Best practices for scheduled downtimes
Monday
Attendance:
- local: Maarten (WLCG + Alice + GGUS), Panos (WLCG + CMS + Chair)
- remote: Andrew (TRIUMF), Daniele (CNAF), Darren S. (NDGF), Darren M. (RAL), David M. (FNAL), Julia (WLCG), Mark (LHCb), Onno (NL-T1) , Peter (ATLAS), Xavier (KIT)
Experiments round table:
- LHCb reports ( raw view) -
- Tier 1:
- CNAF:
- Chris H working with site to do significant remounting/reconfiguration of storage on Wednesday (GGUS:162740)
Sites / Services round table:
- ASGC:
- BNL: NTR
- CNAF:
- GGUS:162189 ticket still open; is it "waiting for reply" addressed to us or to FTS? We don't have a recent log for a failed transfer since transfers have not being submitted for some weeks.
- Mark will have a look, the ticket can most probably be closed
- LHCb Storage Area reorganization - disk and tape filesystems unmounted: https://goc.egi.eu/portal/index.php?Page_Type=Downtime&id=34238 - keeping track of this activity on the ticket: GGUS:162740
- EGI:
- FNAL:
- IN2P3:
- JINR:
- KISTI:
- KIT: NTR
- NDGF:
- NL-T1: After last Thursday's kernel downgrade, the Sara dCache now seems to running smoothly. Contrary to what we've announced, IPv6 is still the preferred protocol. If there are still problems, we could plan another downtime to change that.

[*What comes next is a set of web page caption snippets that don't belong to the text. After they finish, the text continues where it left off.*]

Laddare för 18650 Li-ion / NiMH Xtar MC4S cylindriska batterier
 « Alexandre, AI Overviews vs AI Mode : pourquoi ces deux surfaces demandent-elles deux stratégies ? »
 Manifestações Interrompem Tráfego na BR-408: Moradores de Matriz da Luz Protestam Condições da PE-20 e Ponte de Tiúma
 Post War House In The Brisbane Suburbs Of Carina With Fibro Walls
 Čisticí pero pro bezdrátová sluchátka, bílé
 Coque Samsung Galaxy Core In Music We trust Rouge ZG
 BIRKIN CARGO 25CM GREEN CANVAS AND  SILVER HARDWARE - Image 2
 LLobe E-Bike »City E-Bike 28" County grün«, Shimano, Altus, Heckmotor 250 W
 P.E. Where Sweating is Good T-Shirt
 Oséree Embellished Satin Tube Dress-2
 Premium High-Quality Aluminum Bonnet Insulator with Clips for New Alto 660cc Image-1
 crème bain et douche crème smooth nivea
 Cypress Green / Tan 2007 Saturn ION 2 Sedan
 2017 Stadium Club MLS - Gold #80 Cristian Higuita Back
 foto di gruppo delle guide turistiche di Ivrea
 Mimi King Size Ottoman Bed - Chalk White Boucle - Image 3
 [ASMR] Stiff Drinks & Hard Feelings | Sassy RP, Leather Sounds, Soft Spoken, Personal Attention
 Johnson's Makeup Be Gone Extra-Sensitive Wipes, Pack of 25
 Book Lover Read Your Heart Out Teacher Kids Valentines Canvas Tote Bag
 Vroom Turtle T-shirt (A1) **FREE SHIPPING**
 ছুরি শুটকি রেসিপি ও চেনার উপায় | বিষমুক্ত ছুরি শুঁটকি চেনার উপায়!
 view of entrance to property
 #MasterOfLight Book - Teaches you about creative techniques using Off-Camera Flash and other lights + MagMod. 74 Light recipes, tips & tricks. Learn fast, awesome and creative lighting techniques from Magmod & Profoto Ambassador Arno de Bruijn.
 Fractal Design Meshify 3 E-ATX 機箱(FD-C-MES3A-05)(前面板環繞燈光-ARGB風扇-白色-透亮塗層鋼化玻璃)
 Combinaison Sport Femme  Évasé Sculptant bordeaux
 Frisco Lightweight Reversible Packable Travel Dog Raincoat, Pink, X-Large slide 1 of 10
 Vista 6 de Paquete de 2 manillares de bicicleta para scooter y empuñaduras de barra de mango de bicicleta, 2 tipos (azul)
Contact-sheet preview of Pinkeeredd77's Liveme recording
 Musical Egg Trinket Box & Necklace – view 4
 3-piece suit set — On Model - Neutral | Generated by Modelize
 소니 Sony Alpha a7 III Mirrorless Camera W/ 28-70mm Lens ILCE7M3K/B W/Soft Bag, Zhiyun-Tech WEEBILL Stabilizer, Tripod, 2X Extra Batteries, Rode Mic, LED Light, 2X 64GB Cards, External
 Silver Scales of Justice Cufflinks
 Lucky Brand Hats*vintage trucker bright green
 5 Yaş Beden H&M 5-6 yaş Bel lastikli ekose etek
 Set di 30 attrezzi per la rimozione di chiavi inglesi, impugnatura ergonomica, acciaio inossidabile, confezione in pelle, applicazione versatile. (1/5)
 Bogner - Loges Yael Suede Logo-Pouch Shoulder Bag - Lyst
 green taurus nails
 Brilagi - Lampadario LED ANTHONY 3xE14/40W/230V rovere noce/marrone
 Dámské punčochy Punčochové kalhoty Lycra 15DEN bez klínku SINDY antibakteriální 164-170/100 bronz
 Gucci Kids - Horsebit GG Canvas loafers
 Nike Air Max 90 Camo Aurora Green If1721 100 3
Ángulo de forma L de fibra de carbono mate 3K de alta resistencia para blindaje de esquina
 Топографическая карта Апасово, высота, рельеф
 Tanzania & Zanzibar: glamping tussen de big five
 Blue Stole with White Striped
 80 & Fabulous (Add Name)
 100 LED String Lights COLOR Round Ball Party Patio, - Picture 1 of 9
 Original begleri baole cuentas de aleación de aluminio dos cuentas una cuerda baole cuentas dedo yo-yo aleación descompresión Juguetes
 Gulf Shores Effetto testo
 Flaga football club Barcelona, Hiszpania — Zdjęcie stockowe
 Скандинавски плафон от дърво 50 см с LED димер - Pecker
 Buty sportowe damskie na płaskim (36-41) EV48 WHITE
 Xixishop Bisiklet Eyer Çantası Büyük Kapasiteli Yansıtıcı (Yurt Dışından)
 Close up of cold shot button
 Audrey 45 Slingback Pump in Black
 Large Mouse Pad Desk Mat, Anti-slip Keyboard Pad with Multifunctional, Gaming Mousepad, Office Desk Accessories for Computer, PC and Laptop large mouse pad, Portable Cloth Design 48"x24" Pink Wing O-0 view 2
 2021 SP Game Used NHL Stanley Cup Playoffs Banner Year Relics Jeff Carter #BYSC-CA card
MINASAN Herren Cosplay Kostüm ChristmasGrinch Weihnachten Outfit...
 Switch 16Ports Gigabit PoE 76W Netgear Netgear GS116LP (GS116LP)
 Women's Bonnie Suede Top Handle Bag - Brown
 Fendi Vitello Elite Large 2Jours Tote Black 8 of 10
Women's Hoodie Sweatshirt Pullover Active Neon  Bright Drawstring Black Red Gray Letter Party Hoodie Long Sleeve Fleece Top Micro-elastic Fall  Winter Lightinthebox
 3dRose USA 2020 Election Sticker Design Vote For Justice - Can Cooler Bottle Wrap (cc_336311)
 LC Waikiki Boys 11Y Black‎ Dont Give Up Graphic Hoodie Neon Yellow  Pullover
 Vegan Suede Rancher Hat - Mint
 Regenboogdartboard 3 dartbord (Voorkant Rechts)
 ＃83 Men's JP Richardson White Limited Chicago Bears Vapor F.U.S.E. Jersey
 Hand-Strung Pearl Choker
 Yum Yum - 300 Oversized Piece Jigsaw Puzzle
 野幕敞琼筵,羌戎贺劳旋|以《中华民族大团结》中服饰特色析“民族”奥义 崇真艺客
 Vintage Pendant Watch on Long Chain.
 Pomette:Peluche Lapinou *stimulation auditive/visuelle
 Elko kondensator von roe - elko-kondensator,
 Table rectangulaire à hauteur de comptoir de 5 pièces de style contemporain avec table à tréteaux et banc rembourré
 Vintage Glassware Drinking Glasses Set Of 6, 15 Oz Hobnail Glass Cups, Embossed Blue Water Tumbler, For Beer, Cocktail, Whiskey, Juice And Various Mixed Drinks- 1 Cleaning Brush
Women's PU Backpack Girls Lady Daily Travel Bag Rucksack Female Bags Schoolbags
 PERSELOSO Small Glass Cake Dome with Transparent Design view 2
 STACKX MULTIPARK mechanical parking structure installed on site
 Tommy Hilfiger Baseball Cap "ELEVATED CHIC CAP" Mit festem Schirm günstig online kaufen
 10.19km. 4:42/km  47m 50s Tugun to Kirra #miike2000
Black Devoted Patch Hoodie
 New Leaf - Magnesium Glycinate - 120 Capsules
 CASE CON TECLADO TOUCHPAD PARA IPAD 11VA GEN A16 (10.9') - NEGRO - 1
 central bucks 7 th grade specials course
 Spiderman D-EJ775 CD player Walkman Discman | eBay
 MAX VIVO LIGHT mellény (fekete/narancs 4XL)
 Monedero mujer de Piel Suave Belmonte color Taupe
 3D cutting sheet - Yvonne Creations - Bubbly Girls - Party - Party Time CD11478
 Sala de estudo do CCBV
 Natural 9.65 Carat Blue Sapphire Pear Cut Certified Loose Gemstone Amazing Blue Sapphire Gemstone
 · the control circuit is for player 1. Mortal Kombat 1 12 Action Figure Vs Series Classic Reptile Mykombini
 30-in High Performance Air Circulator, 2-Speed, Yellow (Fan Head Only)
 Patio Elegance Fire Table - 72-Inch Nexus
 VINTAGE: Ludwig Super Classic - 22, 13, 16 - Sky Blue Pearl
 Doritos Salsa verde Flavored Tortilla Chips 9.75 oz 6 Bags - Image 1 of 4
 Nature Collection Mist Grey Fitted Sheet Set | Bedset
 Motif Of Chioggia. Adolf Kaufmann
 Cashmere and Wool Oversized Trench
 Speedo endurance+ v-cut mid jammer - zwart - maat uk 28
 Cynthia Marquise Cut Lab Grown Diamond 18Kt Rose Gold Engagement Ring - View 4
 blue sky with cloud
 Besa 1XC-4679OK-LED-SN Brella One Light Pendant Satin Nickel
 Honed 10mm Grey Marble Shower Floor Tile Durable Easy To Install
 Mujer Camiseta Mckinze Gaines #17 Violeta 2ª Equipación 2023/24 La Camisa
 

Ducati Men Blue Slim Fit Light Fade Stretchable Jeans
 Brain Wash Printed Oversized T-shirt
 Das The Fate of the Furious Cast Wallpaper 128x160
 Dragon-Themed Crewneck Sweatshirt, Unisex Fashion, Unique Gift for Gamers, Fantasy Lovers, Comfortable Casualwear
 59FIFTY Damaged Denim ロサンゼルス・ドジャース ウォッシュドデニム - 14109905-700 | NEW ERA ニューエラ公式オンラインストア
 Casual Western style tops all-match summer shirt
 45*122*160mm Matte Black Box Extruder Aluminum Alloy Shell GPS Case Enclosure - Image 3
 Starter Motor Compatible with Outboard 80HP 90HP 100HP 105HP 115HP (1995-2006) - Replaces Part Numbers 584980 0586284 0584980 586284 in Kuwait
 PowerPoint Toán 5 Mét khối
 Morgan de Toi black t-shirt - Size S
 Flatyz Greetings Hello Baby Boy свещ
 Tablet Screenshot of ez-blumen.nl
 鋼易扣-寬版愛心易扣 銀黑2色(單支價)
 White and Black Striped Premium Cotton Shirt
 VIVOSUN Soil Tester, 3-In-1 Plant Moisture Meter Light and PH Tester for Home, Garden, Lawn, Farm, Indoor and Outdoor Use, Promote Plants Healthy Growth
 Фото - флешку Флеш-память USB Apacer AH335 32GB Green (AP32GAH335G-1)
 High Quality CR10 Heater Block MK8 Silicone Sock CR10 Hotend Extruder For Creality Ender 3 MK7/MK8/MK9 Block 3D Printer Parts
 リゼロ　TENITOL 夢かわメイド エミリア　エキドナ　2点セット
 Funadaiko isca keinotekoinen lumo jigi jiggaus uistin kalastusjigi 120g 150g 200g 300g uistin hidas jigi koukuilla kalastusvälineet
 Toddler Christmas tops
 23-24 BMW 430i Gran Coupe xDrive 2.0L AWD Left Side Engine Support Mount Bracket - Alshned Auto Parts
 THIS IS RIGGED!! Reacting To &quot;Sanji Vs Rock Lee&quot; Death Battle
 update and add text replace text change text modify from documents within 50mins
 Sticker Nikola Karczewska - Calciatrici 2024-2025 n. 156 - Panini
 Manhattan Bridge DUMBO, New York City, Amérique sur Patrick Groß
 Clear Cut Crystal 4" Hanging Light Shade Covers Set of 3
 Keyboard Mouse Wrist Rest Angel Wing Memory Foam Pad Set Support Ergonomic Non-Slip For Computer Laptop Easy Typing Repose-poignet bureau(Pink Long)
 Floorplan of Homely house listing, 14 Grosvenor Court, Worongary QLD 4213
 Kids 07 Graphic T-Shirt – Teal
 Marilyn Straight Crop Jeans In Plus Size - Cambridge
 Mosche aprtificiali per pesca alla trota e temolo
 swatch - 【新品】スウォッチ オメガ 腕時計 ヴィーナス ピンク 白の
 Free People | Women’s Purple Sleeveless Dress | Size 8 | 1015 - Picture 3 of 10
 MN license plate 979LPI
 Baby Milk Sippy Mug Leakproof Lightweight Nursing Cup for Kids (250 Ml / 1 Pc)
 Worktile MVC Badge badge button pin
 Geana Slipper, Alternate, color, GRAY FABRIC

- Maarten asked what was actually wrong with the Kernel. The new kernel is a bleeding edge kernel so problems have arisen, NL-T1 is migrating to the LT kernel which should be more stable.
- Maarten suggested that the IPv6 issues can be brought up to a larger audience in some HEPIX mailing list, probably the IPv6 working group. Onno will bring this up to the network team.
- NRC-KI:
- OSG:
- PIC: We have an incident with our IBM TS4500 library, it seems the tape robot arm broke on Wednesday last week. This is a serious incident and technicians are solving the issue. We expect the library to come back in a few days. For the moment the writes are stopped (thanks to ATLAS, CMS and LHCb for stopping writes to tape system at PIC). Sorry for the inconveniences.
- RAL: NTR
- TRIUMF: NTR
- CERN computing services:
- CMS IAM DB down for OS upgrade, approx 7 minutes, July 18 07:00 - 08:30 OTG:0078587
- CERN storage services:
- CERN databases:
- GGUS: NTR
- Monitoring:
- Middleware: NTR
- Networks:
- Security:
AOB: